# I'm glad my feelings mean so little to you.



## Jokerfest (Sep 25, 2012)

Thank you, now I truly see the kind of person you are. I let you stay at my house, I feed you, I care for your animals.
Yet just now as my rat is dieing you're disrespectful and laying on the floor laughing at god knows what.
I tell you to leave because he is literally dieing in my hands. Your response? "I have to check on my cat anyways.". Well 'friend' you just lost my friendship. I'm glad I found out sooner then later just how little you care about me.


----------



## Asiposea (Dec 16, 2016)

Nobody needs to deal with a 'friend' like that, especially with your loss tonight, sorry.


----------



## Rattielover965 (Apr 26, 2016)

Wow,that's horrible!Did the "friend " take his animals or are you keeping them?


----------



## Ratloved (Oct 4, 2015)

Sorry that someone is treating you like that, Jokerfest. I know it hurts when someone treats you like that, but it sounds like you are better off without them.


----------



## Jokerfest (Sep 25, 2012)

I offered to keep the animals here until she had somewhere for them and could care for them but she took them anyways. I dont plan to talk to her again. 
I'd known her for a while so it's really hurtful she'd act like that. She was totally aware of the whole situation and still acted like that. I'd of forgiven her if she'd apologized but she didn't.


----------



## Asteria (Jul 6, 2016)

Sounds like an inconsiderate a**hole, I hope you and your rat are okay.


----------



## moonkissed (Dec 26, 2011)

I'm sorry


----------



## CraftingDreams (Oct 24, 2017)

So sorry to hear that you went through that. Sometimes it takes jackwagons like that to give us a wake up call and tell us who are more deserving of our empathy and help. It never fails, and I think its a test of our endurance and strength, that when we help someone, it always comes back to bite us, sometimes in a very emotional and hard way. 
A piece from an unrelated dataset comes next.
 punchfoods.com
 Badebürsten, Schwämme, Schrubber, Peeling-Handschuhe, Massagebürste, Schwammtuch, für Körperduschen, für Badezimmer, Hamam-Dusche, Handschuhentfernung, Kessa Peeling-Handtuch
Ive seen the arse end of ungrateful and horrible people after Ive given everything I could, even taking from my own family (and they were willing) to help. Ive also been to the point I want nothing to do with helping people anymore.. but its just not in my nature to turn a blind eye.

Stay beautiful and true to yourself and never let someone like that keep you from helping when you can.. because there are those out there who are grateful for the help, and they shouldnt suffer due to a few bad apples.


----------



## remiharley+5 (Oct 24, 2017)

So sorry 

Sent from my E6653 using Tapatalk


----------



## rottengirl (Mar 16, 2016)

What a horrible human being! Glad they revealed their true colours to you so you can boot them out of your life!


----------